A bus blasts its horn and bullies us onto the shoulder. “&*@##!!”

Dr. Rawat winces. “Meddy! Just don’t look out that side!”

We’ve been bickering all morning. Dr. Rawat let it be known that he booked me for three appearances in his home city, including a talk on the theme of “teacher appreciation” at the Indore Lion’s Club. He has me in Indore for four days, when I had planned on two. I tried to use the excuse that I have nothing to wear. He suggested I wear one of his wife’s saris. “The sari,” he said when I balked, “is the most elegant dress for women.” At one point he said, “You do not dress to please yourself; you dress to please others.” You can imagine how well that went over. Poor Kirti. He wanted vanilla and he got jalapeño.
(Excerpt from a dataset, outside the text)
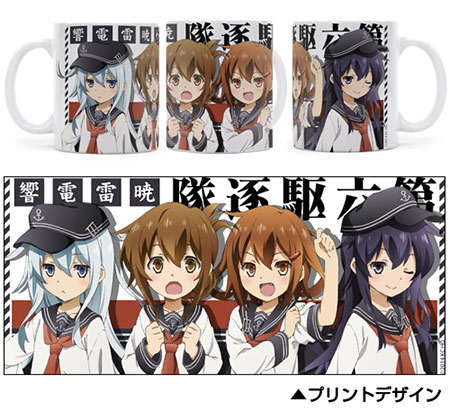 艦隊これくしょん -艦これ- 第六駆逐隊フルカラーマグカップ[コスパ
Today’s plan is to head first to Chandner for some follow-up interviews with Aishwary’s mother, and then drive, along with Aishwary’s family, to two neighboring villages where the family of Veerpal, the boy’s alleged previous personality, resides.

As we approach Chandner, Dr. Rawat summarizes the family’s claims. The boy’s father, Munni, claims that Aishwary recognized Veerpal’s uncles and aunts when they came to Chandner, and that he could name many of the people in one of Veerpal’s photo albums. He further claims that the boy said he had three children and family members living in Kamalpur, and that his caste was Lodh, all of which are true of Veerpal. When Munni went to buy a sari as a gift for Veerpal’s widow Rani, Aishwary is said to have insisted that it be turquoise. Veerpal, Rani says, used to buy her saris in this color. Munni further reports that Aishwary was spotted hitting an electrical pole with a stick and calling it “abusive names.” Munni’s wife Ramvati says she saw Aishwary try to kiss Rani on the lips and that the boy was spotted caressing her breast.